• _WHAT TO PRODUCE_: When the listing below reaches the line that has "Créer un serveur", start reproducing exactly; stop after the line that has "Feelfunn 12 Volt", and drop the pictures.

• _MATERIAL FOR THE TASK_:
□ □ □ □

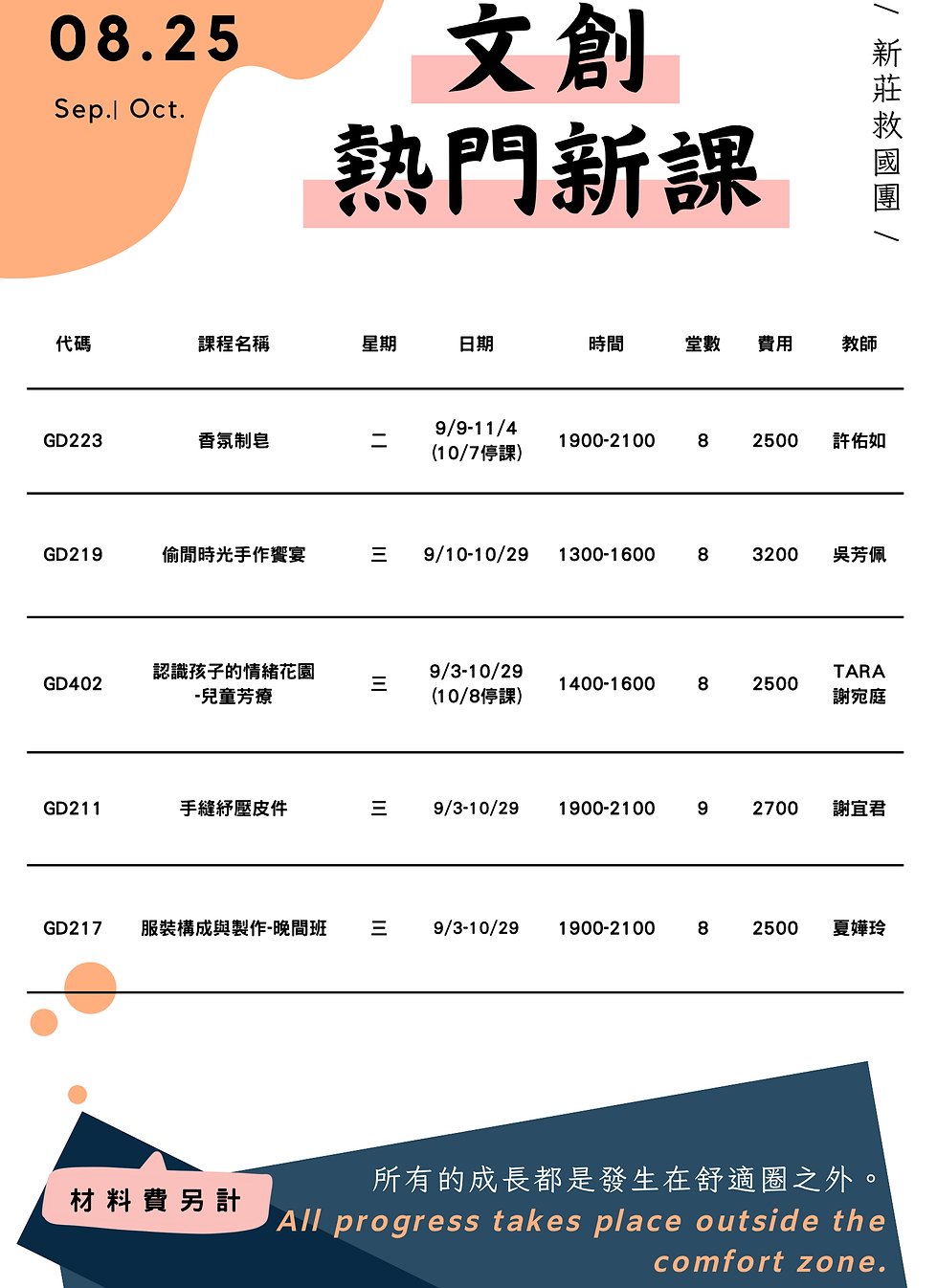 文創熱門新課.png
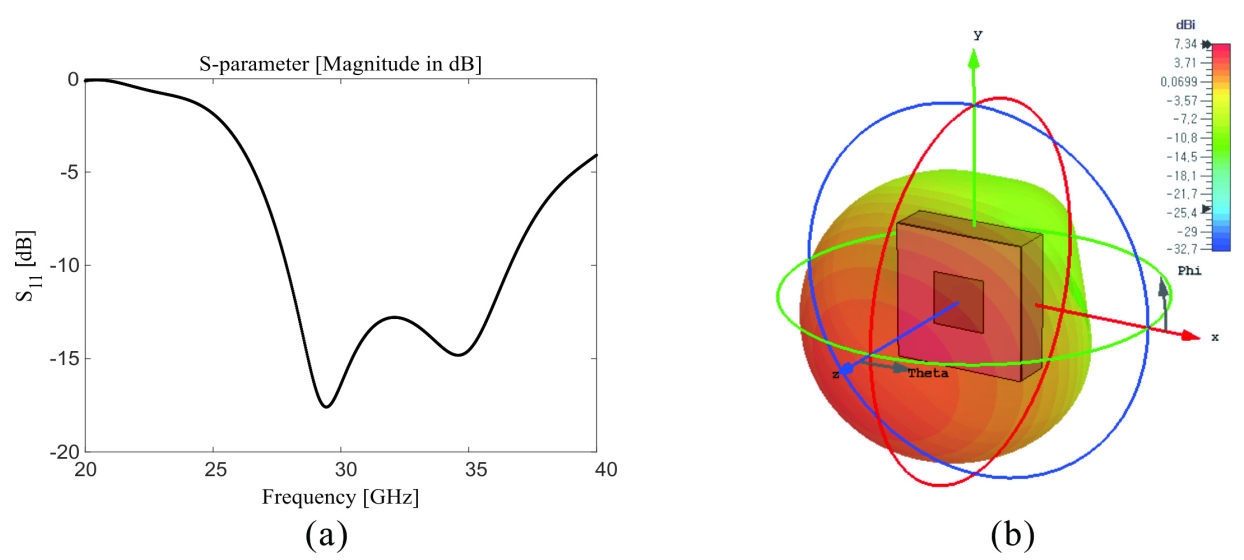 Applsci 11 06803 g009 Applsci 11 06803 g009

□ □ □ □

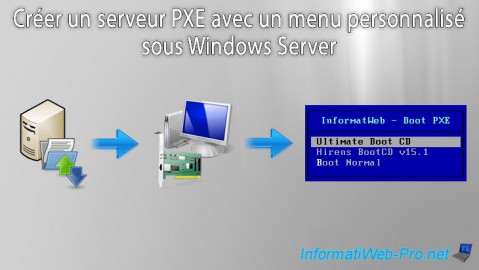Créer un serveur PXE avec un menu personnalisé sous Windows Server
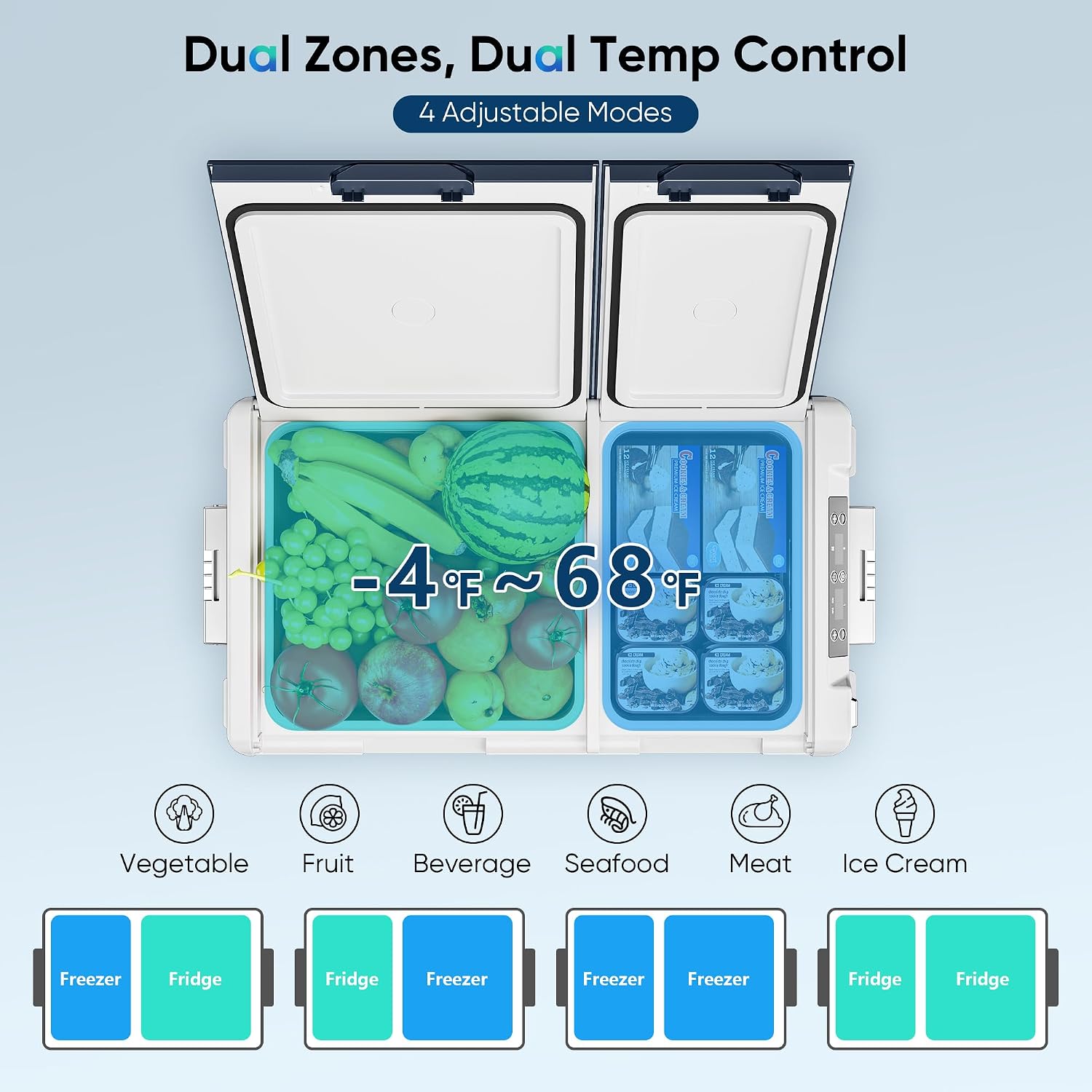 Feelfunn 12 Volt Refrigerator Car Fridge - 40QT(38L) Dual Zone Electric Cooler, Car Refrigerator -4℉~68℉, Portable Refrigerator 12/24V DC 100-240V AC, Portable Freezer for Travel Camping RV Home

□ □ □ □

• _RESPONSE AREA_:
Créer un serveur PXE avec un menu personnalisé sous Windows Server
 Feelfunn 12 Volt Refrigerator Car Fridge - 40QT(38L) Dual Zone Electric Cooler, Car Refrigerator -4℉~68℉, Portable Refrigerator 12/24V DC 100-240V AC, Portable Freezer for Travel Camping RV Home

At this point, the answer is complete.